3) The last option would be converting the png images in a video, compress it with a lossless video compressor like x264 lossless (taking special care of using the right color format) and then on extraction extract the frames to individual png images. That can be done with ffmpeg. You also would need to keep the mapping between the frame number and the original name.

That would be the most complex approach but if the pngs are all part of a animation it may be the most effective. However you will need a video format that supports transparency if you need it.

Edit: There is also MNG format would it is not used often.

ggf31416
  • 151
  • 4
2

The PNG file format already uses the DEFLATE compression algorithm internally. This is the same algorithm as used by xz, gzip, and zip - just in some variations. tar.gz and and tar.xz take advantage of similarity between files, which zip does not.

So, in fact, you perform DEFLATE compression over DEFLATE compressed files - this is why the files keep almost the original size.

The bzip2 program (also a related algorithm) is better when it comes to (nearly) identical files.

# for i in $(seq 4); do cp test.png test$i.png; done
# tar -cjf archive.tar.bz2 *.png
# ls -l
-rw-r--r-- 1 abcde users  43813 15. Jul 08:45 test.png
-rw-r--r-- 1 abcde users  43813 15. Jul 08:45 test1.png
-rw-r--r-- 1 abcde users  43813 15. Jul 08:46 test2.png
-rw-r--r-- 1 abcde users  43813 15. Jul 08:46 test3.png
-rw-r--r-- 1 abcde users  43813 15. Jul 08:46 test4.png
-rw-r--r-- 1 abcde users  68115 15. Jul 08:47 archive.tar.bz2
rexkogitans
  • 227
  • 2
  • 6
2

When you have special datasets you use special algorithms, not multipurpose tools.

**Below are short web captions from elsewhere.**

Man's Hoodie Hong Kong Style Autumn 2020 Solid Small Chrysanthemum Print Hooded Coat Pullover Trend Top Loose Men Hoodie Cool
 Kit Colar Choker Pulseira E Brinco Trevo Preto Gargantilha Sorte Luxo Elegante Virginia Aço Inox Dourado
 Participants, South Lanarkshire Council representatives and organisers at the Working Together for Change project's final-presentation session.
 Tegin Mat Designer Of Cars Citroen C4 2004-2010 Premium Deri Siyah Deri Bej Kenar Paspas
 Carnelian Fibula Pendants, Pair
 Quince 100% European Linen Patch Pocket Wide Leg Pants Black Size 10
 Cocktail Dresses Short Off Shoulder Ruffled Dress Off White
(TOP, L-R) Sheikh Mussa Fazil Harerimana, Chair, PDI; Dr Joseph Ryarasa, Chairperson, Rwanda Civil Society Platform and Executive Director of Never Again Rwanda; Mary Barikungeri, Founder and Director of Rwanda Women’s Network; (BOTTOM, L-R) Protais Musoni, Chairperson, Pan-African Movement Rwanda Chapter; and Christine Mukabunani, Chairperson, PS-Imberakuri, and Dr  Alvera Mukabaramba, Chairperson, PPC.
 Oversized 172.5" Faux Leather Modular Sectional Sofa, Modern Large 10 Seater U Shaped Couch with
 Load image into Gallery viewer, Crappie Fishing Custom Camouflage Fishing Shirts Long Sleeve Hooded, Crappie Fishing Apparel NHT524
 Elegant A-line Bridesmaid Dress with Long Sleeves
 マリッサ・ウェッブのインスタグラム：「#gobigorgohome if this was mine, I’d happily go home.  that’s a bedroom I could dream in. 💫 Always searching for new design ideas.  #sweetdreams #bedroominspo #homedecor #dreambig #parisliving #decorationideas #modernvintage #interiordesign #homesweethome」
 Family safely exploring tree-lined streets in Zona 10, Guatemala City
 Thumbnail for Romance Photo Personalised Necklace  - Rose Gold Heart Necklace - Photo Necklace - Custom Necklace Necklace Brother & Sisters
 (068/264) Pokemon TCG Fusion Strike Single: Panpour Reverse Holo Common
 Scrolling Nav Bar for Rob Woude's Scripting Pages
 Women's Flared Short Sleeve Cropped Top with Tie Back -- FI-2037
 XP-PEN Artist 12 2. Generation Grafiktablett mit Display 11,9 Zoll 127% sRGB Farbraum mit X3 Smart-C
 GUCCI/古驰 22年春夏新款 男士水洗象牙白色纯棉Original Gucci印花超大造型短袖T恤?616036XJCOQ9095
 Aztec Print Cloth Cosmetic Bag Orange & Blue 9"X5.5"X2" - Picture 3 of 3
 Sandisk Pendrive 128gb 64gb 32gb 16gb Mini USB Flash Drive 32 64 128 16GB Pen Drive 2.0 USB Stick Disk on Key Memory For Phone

The answer is that your chosen lossless compressions aren't made for what you do. Noone expects you to compress the same image twice, and even if you do it (by accident) checking against all previous input would make your algorithm O(n^2) (maybe a bit better, but the naiv approach atleast would be n^2).

Most of your compression programms you tested on run in O(n), they emphazise speed over optimal compression ratio. Noone wants to run his computer for 5 hours just to spare a few mb's, especially these days. For larger inputs anything above O(n) becomes an issue of runtime.

Another issue is ram. You can't access every part of your input at any point in time, when the input gets big enough. Even disregarding this, most people don't want to give up their whole ram or cpu just to compress something.

If you have patterns in your files that you want to compress, you will have to do manuel operations on them, write your own compression or potentially use an "archive"-type-compression (nano). A compression for longterm storage, that is too slow for everyday use.

Another option potentially would be a lossless video compression.